Yazar Figen Şakacı’nın Yeni Romanı: HınçAhınç
Ümran Avcı – Figen Şakacı, “HınçAhınç” isimli romanıyla okuyucularının karşısına çıktı. Kitap, Arif, Serde ve Demâr adlı üç yakın arkadaşın yaşadığı trajik olayları ve güçlünün zayıfı ezmesini konu alıyor. Hikaye aynı zamanda öfke patlamaları arasındaki ince çizgiyi ve öfkenin insanı nasıl değiştirebileceğini ele alıyor.
– Toplumsal öfkenin bireysel öfke ile nasıl bağlantılı olduğunu merak ediyorum. Mutlu olabilmek için başkalarıyla ilişkilerimizin önemi üzerinde düşünmeliyiz.

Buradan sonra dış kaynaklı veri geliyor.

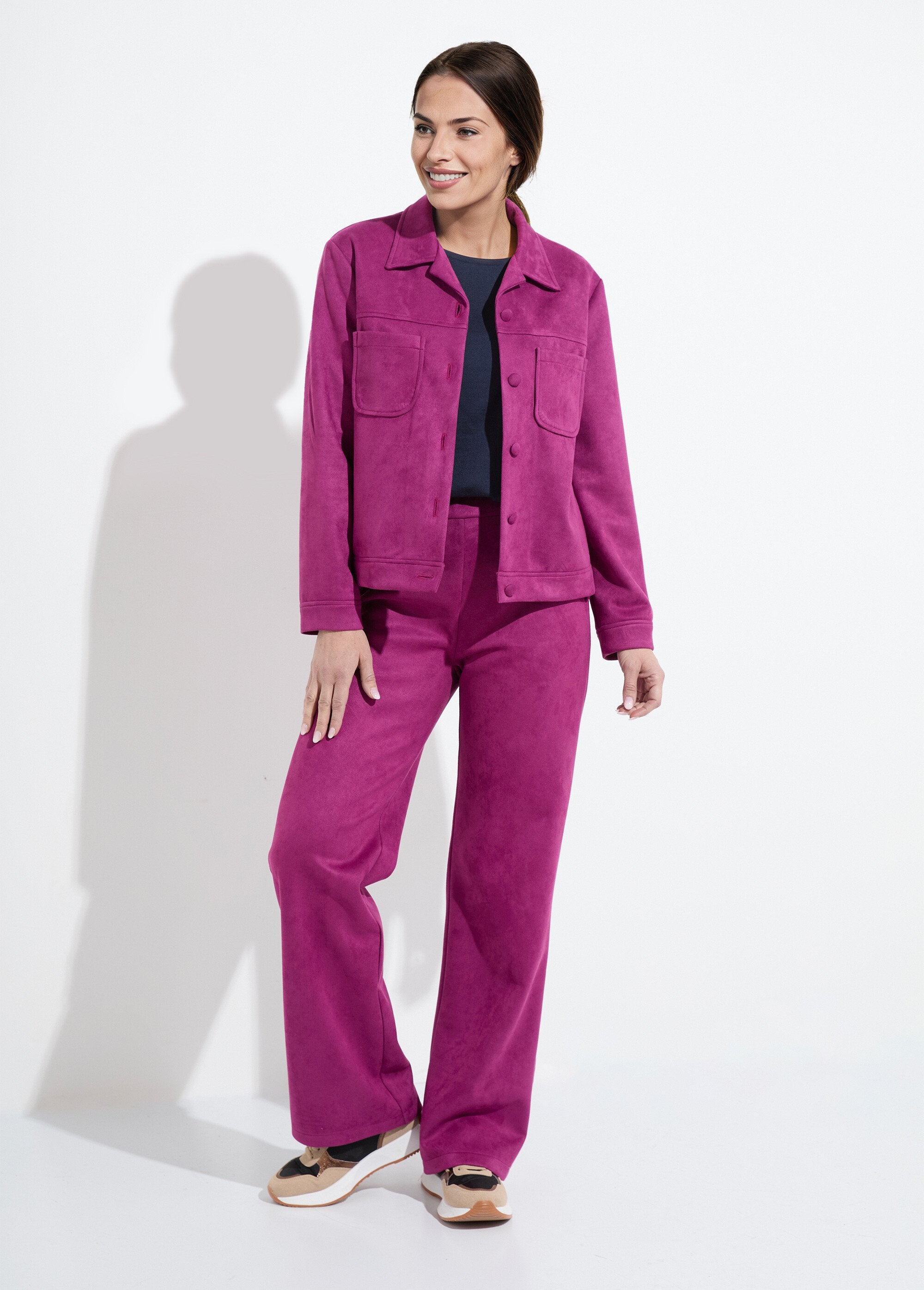 Buttoned_suede_jacket_with_notched_collar_Cassis_SF1_slim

Hikayede ele alınan konular aslında toplumsal bir boyuta da işaret ediyor. Her bireyin mutluluğunun başkaları ile olan ilişkilerine bağlı olduğu bir dünyada yaşıyoruz. İlkokuldan itibaren bize yanlış şeyler öğretildiği konusunda hemfikirim. Bu nedenle, romanımı öfkenin yanı sıra çaresizlik duygusundan da besledim. Artık ülkemizin genel duygusu öfke. Gençler katil, çocuklar maktul, aileler suç örgütleri gibi algılanıyor. Bu nedenle romanım tam anlamıyla bir gül bahçesi olamadı. Karakterlerimden Gülistan’ın kaderi de pek parlak değil, ancak onun yaşama sıkı sıkı bağlı olması umut verici.
– Demâr’ın sözlerini hatırlıyorum; “Benim güzel kızım deseydin, böylece kimseye muhtaç olmadan yaşardım”…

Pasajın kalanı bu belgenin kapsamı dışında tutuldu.